• [Exercise brief]: Print the lines from the one containing "Pair of newly" through the end of the material below, both included, exactly as they appear and without pictures.

• [Given records]:
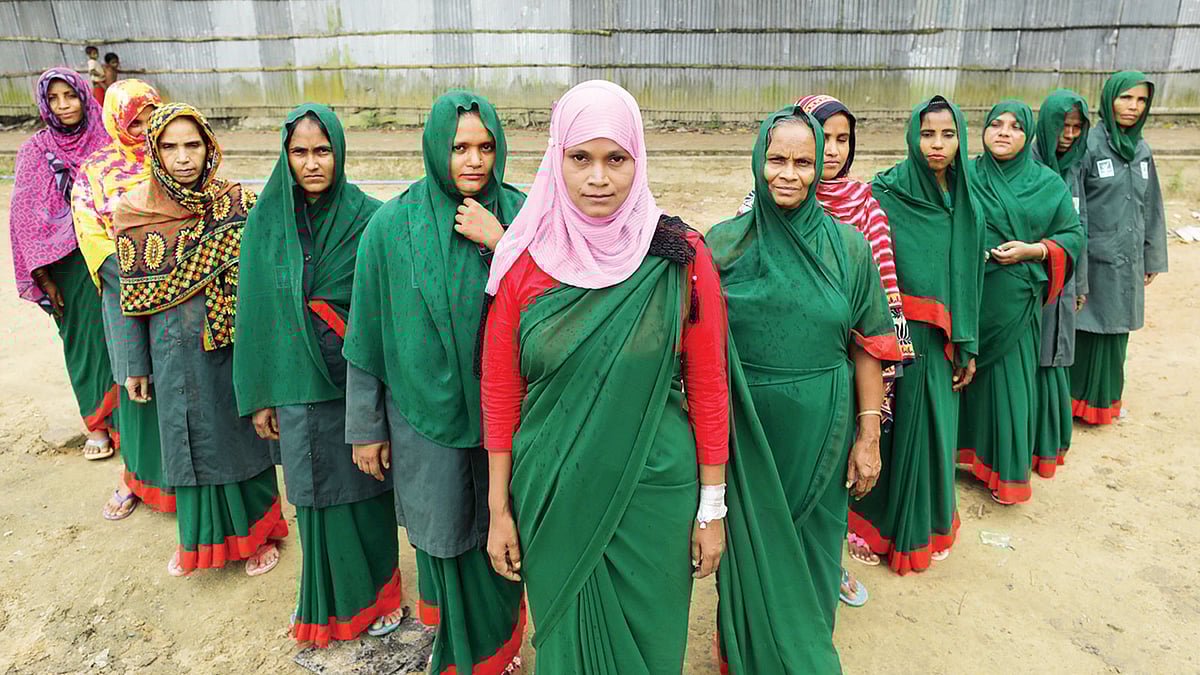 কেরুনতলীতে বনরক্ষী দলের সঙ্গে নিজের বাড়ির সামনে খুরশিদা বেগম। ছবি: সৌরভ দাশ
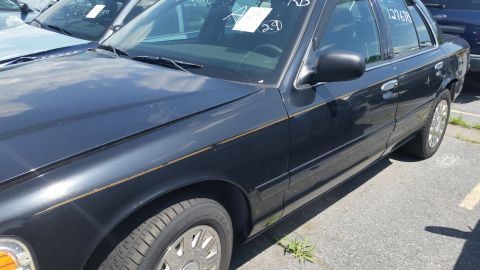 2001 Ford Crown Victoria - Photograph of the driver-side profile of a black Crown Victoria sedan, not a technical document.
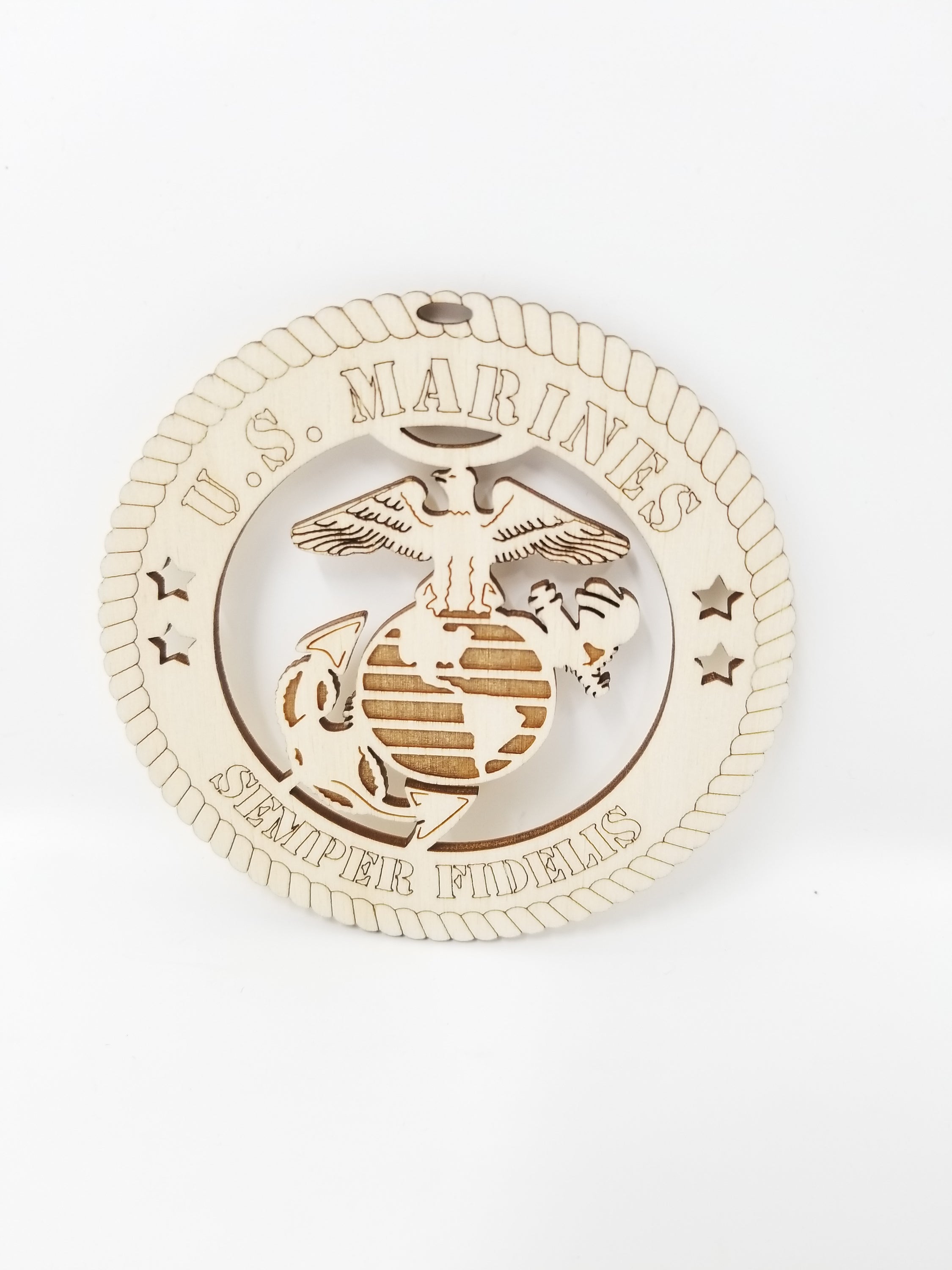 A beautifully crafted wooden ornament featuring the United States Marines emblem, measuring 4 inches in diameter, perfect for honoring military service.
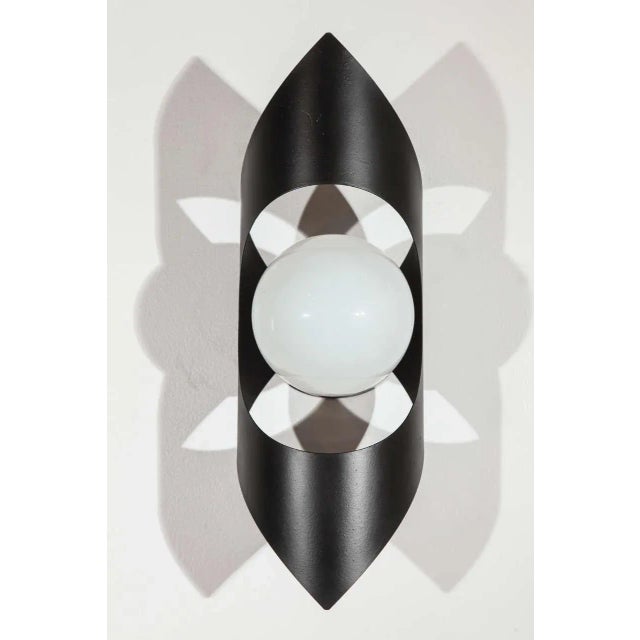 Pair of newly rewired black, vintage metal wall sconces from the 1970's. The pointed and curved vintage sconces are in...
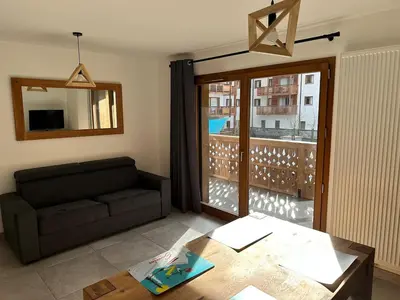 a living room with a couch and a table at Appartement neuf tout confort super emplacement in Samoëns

• [Answer box]:
 Pair of newly rewired black, vintage metal wall sconces from the 1970's. The pointed and curved vintage sconces are in...
 a living room with a couch and a table at Appartement neuf tout confort super emplacement in Samoëns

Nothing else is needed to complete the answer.